▶ [Extracted material]:
------------------------------------------------------------

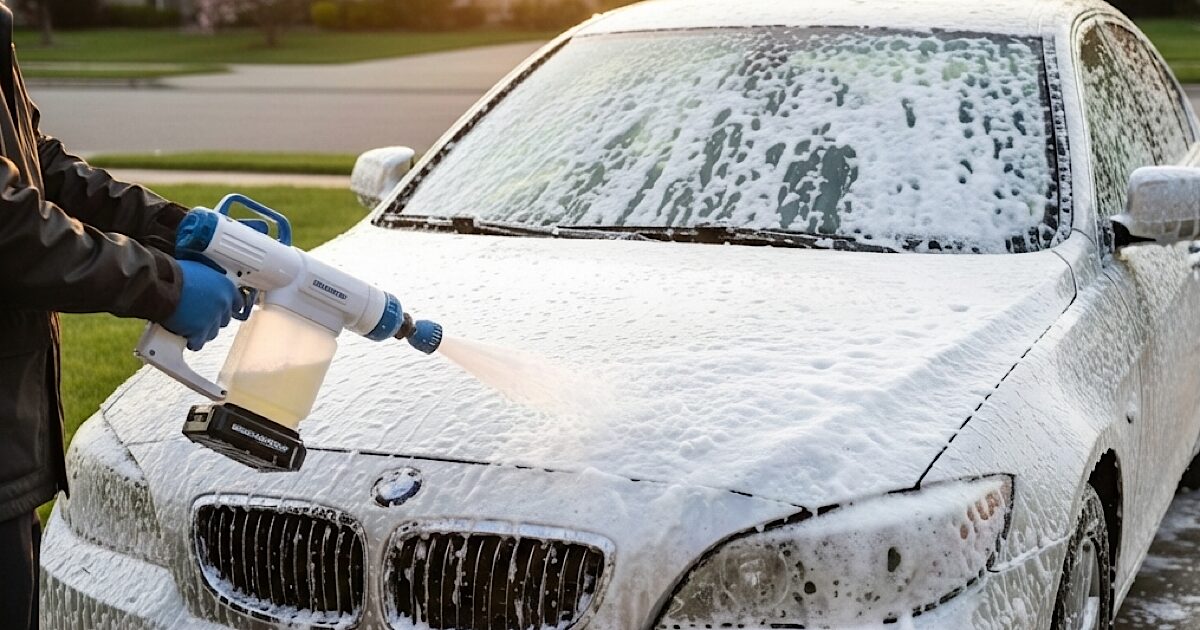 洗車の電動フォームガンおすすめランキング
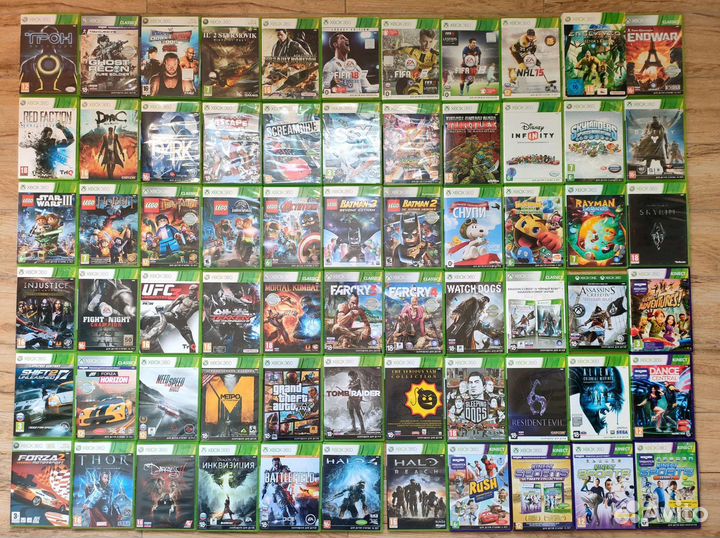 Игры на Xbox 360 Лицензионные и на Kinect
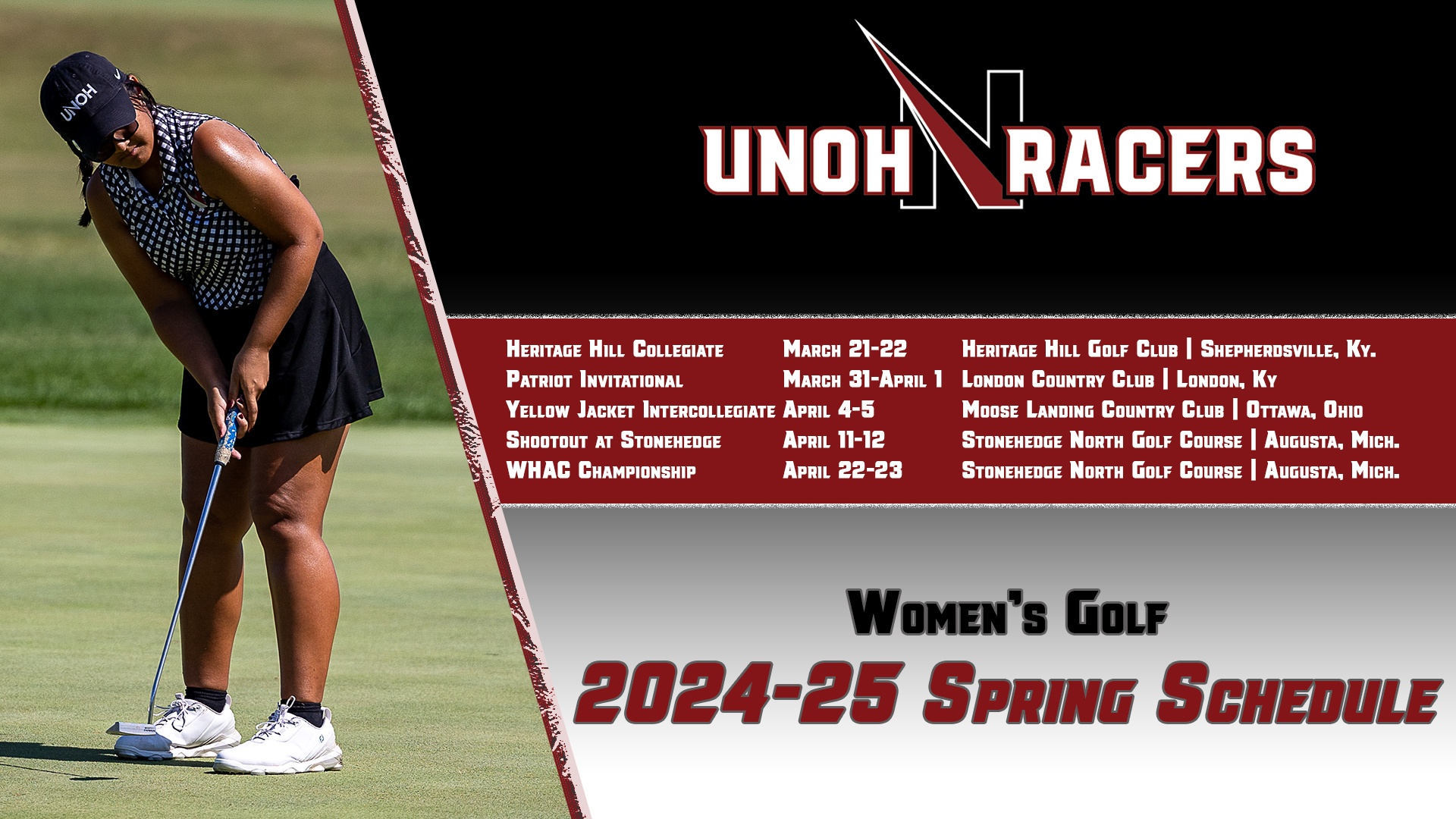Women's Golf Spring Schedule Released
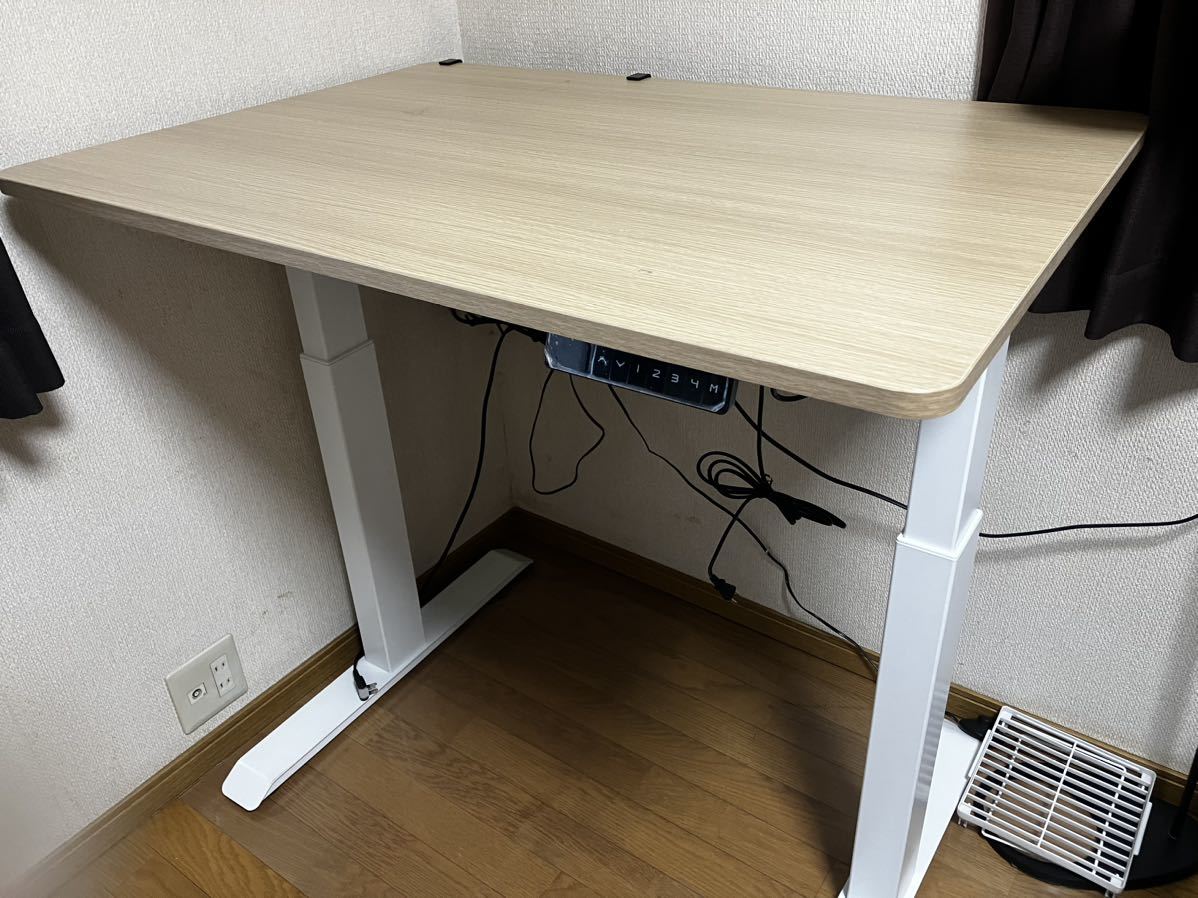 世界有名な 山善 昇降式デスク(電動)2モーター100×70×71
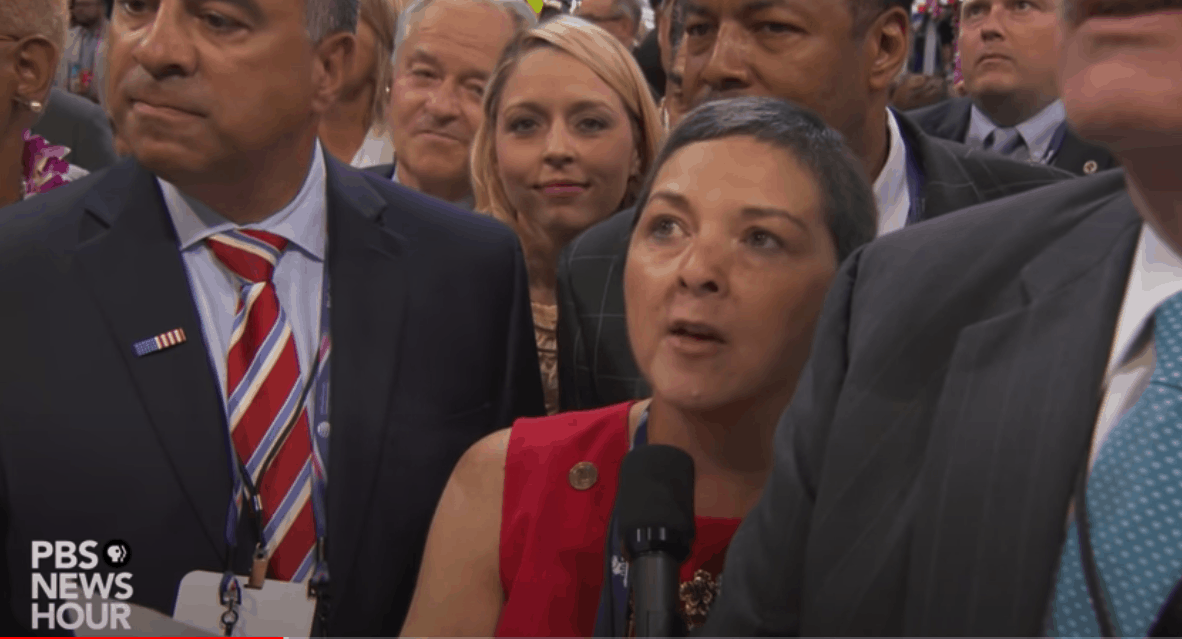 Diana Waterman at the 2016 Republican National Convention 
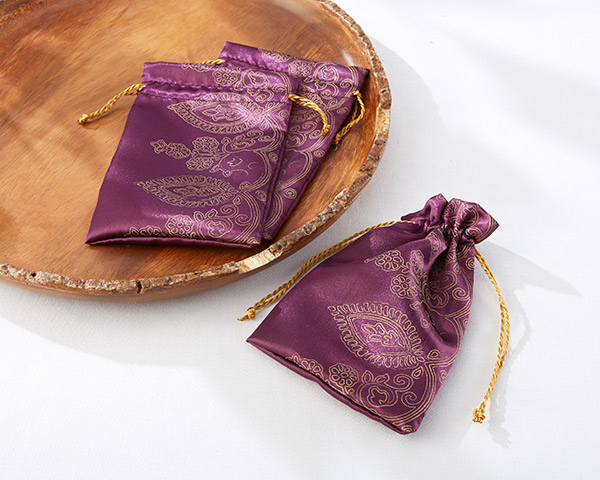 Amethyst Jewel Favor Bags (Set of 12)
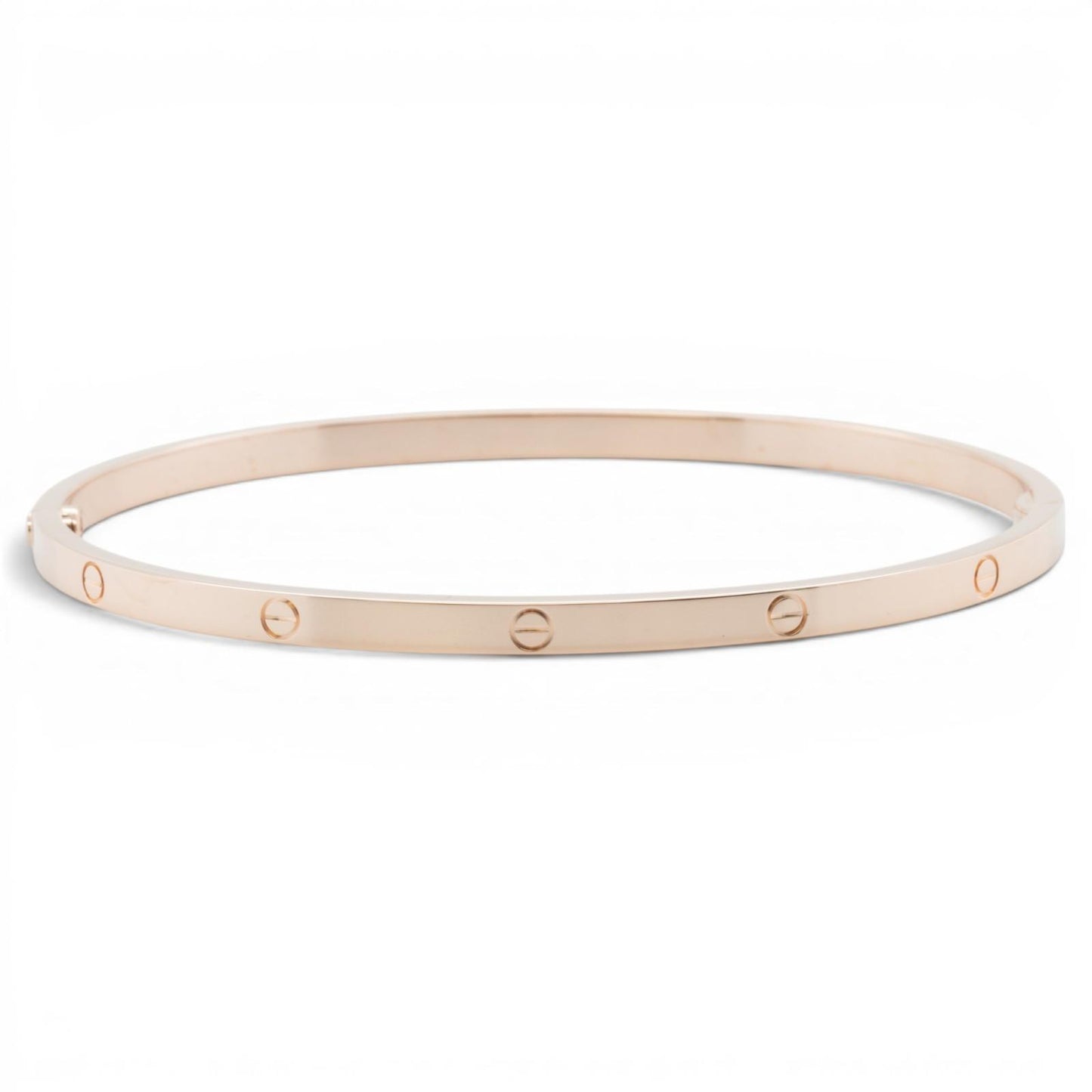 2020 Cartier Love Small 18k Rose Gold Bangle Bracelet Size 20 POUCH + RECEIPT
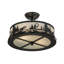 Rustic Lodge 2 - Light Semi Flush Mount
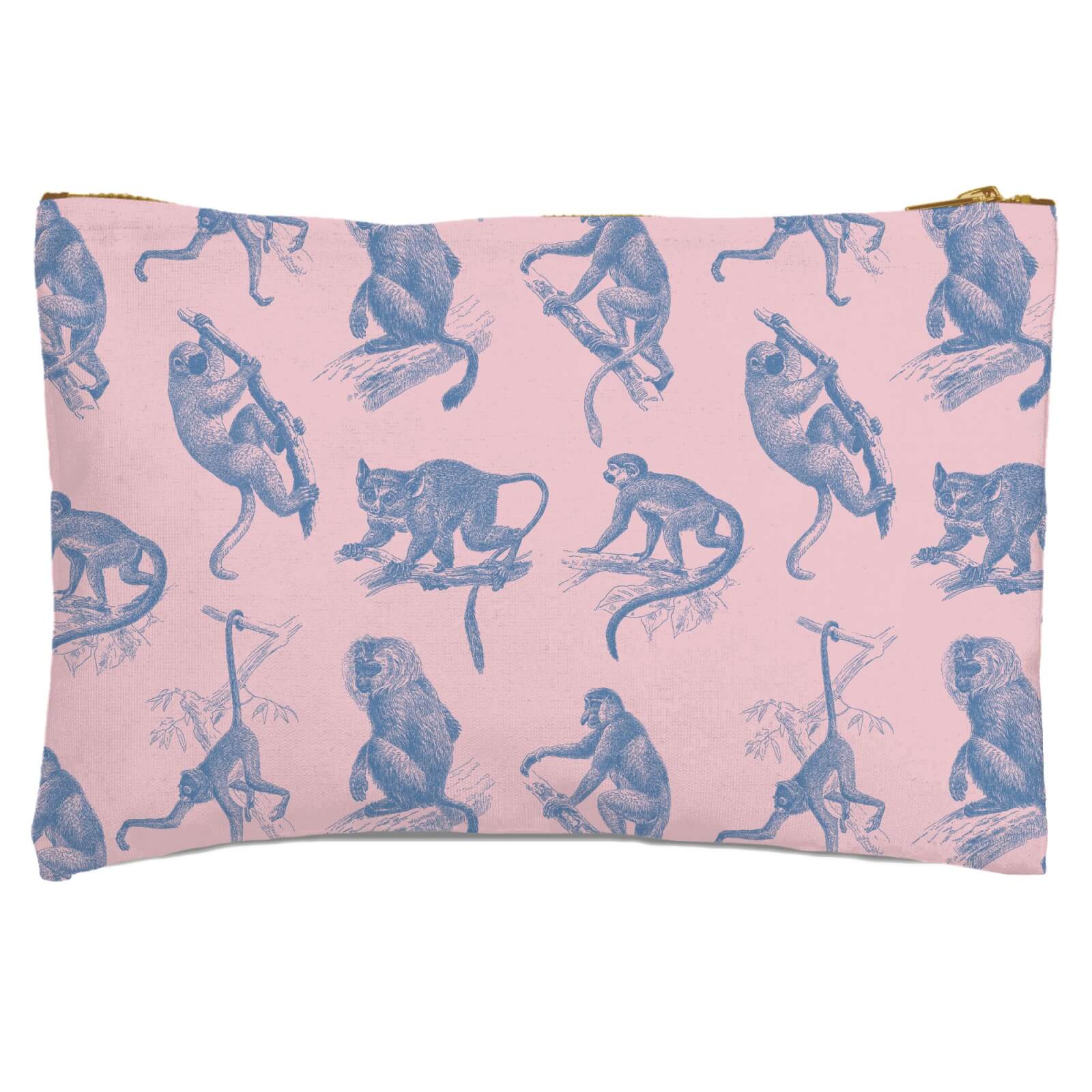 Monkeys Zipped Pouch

------------------------------------------------------------

Write out the lines of the listing from the one that holds "Игры на Xbox 360 Лицензионные и на Kinect" to the very last line, both included, exactly as they appear and without any pictures.

 Игры на Xbox 360 Лицензионные и на Kinect
Women's Golf Spring Schedule Released
 世界有名な 山善 昇降式デスク(電動)2モーター100×70×71
 Diana Waterman at the 2016 Republican National Convention 
 Amethyst Jewel Favor Bags (Set of 12)
 2020 Cartier Love Small 18k Rose Gold Bangle Bracelet Size 20 POUCH + RECEIPT
 Rustic Lodge 2 - Light Semi Flush Mount
 Monkeys Zipped Pouch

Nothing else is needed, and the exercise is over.